EMENTA

 

 

RECURSO EM PROCEDIMENTO DE CONTROLE ADMINISTRATIVO. CRIAÇÃO, ALTERAÇÃO E REORGANIZAÇÃO DE SERVENTIAS EXTRAJUDICIAIS. MATÉRIA SUBMETIDA A RESERVA DE LEI FORMAL. INICIATIVA DO PODER JUDICIÁRIO. JURISPRUDÊNCIA DO STF. ACUMULAÇÃO DE SERVENTIA EXTRAJUDICIAL. DETERMINAÇÃO IMPOSTA PELA LEGISLAÇÃO LOCAL. PRESCINDIBILIDADE DA REALIZAÇÃO DE ESTUDOS PRÉVIOS. REITERAÇÃO DOS ARGUMENTOS EXPOSTOS NA PETIÇÃO INICIAL. AUSÊNCIA DE ELEMENTOS NOVOS. RECURSO DESPROVIDO.  

1.        A criação, alteração ou supressão de serventias extrajudiciais é matéria submetida à reserva de lei formal, de iniciativa do Poder Judiciário, conforme decidiu o Plenário do Supremo Tribunal Federal na ADI nº 4.223/SP. 

2.        O Tribunal de Justiça do Estado de Minas Gerais procedeu à acumulação do Registro Civil das Pessoas Naturais ao Tabelionato de Notas, pois restaram preenchidos os requisitos objetivos previstos no art. 300-L, da LC nº 59/2001, quais sejam: serventia vaga e de primeira entrância.

3. No presente caso, a acumulação é decorrência de imposição legal, pelo que não se há de falar em necessidade de realização de estudos prévios.

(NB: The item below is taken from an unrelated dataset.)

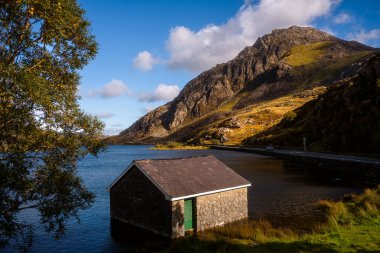Snowdonia, Galler 2025.09.21 Yeşil kapılı taş kayıkhane Llyn Ogwen 'in kenarında güneşli Tryfan dağının altında, mavi gökyüzünün altında..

4. O art. 300-M da LC estadual n. 166/2022 não traz qualquer palavra ou expressão que denote obrigatoriedade de estudos prévios para unificação de serventias. Além disso, trata-se claramente de um comando dotado de natureza genérica, o qual cede perante uma norma específica, como a do art. 300-L desse mesmo diploma normativo.

5.        A peça recursal possui natureza heterotópica, constituindo mera reprodução das razões expostas na exordial, já refutadas na decisão monocrática. 

6.        O recurso que tem redação idêntica à da petição inicial desautoriza a reforma do julgado e impõe a manutenção da decisão pelos próprios fundamentos. Precedentes. 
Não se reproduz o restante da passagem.